La nuova fondazione ha però con sé la «propria teodicea», concetto filosofico-religioso anche in questo caso espresso attraverso una figurazione di gusto surrealista: «quante ricette hanno la loro spada», «quanti castelli il loro telegramma medio di terrori».

Nella sezione successiva, la XIII, vengono elencate le qualità tangibili di Ellie, presentata nei versi introduttivi come «disastroso oggetto mentale» e «anima del Quadruplice mondo». È, questa, una indicazione fondamentale non solo perché ribadisce l’appartenenza di Ellie alla sfera del “materiale”,18 ma anche perché rimanda ad un concetto alchemico di realizzazione del Selbst attraverso la parola,19 ed infatti Ellie è «parola incrociata», «lettera fulminata», «cambio di vocale» e oggetto materiale di trasmissione del suono («amplificatore ad altra frequenza»). È «in ogni elemento» e racchiude il sapere («anfora», «enciclopedia scientifica»), e permette a chi è capace di utilizzarla correttamente di vedere il mondo («lanterna magica»).

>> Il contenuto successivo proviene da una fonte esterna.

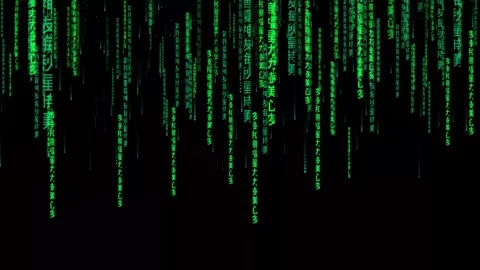 Green Binary Code Matrix Digital Stream Cyber Futuristic Animated Technolog.. Stock Footage 304423126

oh torrenti subordinati della realtà oh Ellie occulta
disastroso oggetto mentale
localizzazione dell’irrazionale quaderno

                                                               oh incanto universale del valore
ogni storia è una generazione equivoca dell’ispezione
e tu sei l’anima delirante del Quadruplice mondo
tutta la montagna sei dell’ideazione

                                                         montagna in sogno affatto polifonica
anfora sommariamente telepatica
                                                      oh proseguimento
oh parola incrociata comparativa
oh troppo breve pausa di latte attivo armonico
lettera fulminata

                           e abietto piroscafo e amido umido


nei pozzi vederti come la luna dormire
come la luna dei ragni e i ladri di cavalli e la pietra focaia
dentro la candela più misericordiosa delle dita

                                                                          come il giornale della sera
come la metafora
                            tu sei il cambio di vocale e l’amplificatore
ad alta frequenza
                            e l’enciclopedia scientifica
sei tutta in ogni elemento
                                        sei questo parametro facilissimo
della estrazione della mia disgrazia aperta

oh totius orbis thensaurus mnemonico thensaurus
sempre sempre sarai la mia lanterna magica

                                                                       et nomina cruda tenemus
in nudum carnalem amorem et in nudam constructionem
corporis tui
20


La sezione XIV mette in scena l’esaurimento di Ellie come “virgiliana” guida all’interno della Palus, ed infatti il sintagma «devo sostituirti» funzionalizza il turbinoso catalogo di oggetti, anche artificiali, attraverso cui la sostituzione deve avere luogo («trombe», «sinagoghe» – rimando alla sfera religiosa –, «stazioni termali» e «circhi equestri» – rimando ad una dimensione ludica –). Questo caotico «inventario della realtà»21 sviscerato secondo criteri non lontani dalla tecnica di scrittura automatica surrealista22 è funzionale anche alla fase di eliminazione delle scorie materiali dal «mio argento».23 L’operazione di sostituzione di Ellie si conclude attraverso un rito di fagocitazione («scodelle truccate», «devo mangiare», «trattare anche l’ospedale psichiatrico» – con riferimento alla sfera psichica –), affinché le qualità del fagocitato si possano mescolare con quelle del fagocitante.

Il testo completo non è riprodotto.